Dench was well prepared for this flight. She is a British national free-diving champion, able to hold her breath under water for 6 minutes and 22 seconds. She is an experienced paramotorist and has taken tundra survival courses.
In the air, her body suit is connected to the engine, electrically heating gloves and socks to keep her warm. She can communicate with her crew as well as air traffic control, and she's equipped with a GPS tracker and a personal locator beacon. They're carrying spare spark plugs, tools and survival gear.
Why is she risking this dangerous flight?
The number of Bewick's swans has dropped from 29,000 in 1995 to 18,000 in 2010. There are several known reasons, but none to account for such a large population decline. Also known as a tundra swan, the species is listed as of least concern by the International Union for Conservation of Nature.
Bewick's swans, which are sometimes considered a sub-species, cannot be hunted legally, but more than half are found with lead shot in their bodies. Other explanations for their decline include power line strikes and the loss of wetland habitat along the birds' migration route.

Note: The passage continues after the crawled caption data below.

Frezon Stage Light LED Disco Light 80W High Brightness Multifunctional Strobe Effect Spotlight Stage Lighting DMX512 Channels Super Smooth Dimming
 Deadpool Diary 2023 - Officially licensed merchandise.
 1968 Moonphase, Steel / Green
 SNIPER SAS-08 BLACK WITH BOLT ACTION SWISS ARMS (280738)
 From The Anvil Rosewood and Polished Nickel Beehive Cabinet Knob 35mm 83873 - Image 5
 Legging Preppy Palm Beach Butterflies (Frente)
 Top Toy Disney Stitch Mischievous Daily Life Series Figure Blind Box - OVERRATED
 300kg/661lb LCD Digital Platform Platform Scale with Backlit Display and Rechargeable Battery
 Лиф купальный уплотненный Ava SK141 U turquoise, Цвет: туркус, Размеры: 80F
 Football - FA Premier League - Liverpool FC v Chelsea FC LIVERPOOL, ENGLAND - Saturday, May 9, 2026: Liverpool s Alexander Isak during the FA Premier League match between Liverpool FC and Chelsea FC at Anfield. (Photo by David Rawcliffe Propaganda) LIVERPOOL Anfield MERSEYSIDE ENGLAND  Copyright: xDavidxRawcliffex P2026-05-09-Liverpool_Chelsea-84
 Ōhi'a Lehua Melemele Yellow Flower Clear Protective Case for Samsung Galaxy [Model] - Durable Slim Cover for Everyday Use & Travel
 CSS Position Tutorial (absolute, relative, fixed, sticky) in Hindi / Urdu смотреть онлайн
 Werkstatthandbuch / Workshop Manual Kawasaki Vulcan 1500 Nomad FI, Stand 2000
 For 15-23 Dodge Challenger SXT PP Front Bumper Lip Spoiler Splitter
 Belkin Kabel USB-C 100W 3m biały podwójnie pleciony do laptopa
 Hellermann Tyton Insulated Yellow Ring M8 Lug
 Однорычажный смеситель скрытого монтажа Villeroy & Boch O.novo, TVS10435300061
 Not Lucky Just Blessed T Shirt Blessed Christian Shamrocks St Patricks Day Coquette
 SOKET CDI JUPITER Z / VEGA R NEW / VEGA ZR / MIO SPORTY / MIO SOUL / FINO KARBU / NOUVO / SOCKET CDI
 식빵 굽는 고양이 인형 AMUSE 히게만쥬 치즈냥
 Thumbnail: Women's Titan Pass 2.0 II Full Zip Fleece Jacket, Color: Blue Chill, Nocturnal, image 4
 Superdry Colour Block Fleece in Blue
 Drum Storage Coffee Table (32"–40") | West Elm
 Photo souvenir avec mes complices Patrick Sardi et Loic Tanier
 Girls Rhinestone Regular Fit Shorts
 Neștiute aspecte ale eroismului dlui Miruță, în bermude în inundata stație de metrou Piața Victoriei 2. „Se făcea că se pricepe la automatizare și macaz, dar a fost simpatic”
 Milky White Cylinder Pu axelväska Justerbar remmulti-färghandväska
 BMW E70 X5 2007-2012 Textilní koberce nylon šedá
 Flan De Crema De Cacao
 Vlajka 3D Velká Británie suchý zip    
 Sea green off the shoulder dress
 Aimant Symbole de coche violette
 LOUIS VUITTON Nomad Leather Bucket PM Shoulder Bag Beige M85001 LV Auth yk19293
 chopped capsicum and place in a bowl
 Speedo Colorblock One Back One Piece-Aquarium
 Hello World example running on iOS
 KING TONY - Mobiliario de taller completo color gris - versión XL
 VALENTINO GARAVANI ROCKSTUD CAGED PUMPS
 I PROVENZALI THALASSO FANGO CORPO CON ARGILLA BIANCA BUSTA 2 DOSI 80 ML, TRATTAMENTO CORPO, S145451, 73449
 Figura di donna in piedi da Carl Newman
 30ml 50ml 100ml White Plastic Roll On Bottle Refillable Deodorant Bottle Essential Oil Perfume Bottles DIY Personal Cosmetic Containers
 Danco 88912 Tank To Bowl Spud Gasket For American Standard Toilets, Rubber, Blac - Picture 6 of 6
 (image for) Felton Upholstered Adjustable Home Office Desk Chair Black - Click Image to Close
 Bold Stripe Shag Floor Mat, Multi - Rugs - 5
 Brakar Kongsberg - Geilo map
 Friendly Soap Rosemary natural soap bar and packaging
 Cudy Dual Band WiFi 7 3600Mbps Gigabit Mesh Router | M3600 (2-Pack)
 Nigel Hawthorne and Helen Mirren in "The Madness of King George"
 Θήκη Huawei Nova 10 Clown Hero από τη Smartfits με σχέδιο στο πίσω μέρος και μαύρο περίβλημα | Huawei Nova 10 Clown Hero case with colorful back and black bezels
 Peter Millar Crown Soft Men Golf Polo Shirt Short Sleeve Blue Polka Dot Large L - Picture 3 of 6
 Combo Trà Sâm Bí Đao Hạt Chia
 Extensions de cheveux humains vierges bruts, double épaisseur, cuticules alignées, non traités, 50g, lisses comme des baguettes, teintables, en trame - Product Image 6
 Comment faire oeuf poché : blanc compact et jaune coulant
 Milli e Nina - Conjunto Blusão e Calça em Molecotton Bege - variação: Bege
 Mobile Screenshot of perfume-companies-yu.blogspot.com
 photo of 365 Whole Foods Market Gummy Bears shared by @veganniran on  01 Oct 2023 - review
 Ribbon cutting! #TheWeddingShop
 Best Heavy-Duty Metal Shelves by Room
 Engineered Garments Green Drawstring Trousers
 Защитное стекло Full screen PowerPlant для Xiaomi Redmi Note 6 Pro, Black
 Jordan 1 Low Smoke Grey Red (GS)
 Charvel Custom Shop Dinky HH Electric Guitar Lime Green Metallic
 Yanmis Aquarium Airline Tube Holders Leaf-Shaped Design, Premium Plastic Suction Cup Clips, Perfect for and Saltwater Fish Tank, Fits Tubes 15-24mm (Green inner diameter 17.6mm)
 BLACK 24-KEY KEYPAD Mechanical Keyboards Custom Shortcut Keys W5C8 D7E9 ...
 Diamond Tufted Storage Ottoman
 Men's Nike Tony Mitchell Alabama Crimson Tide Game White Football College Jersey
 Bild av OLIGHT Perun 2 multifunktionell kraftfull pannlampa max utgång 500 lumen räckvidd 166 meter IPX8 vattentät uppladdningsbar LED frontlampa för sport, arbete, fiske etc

Filming the expedition.Flight of the Swans / Wildfowl & Wetland Trust
Her expedition, the Flight of the Swans, which is being filmed, has been backed by Dame Judi Dench, a distant relative, Sir David Attenborough and Sir Ralph Fiennes. She expects to arrive back in England in late October, around the time of the arrival of the Bewick's swans. To bird lovers in Britain, their arrival is a sign of the coming winter.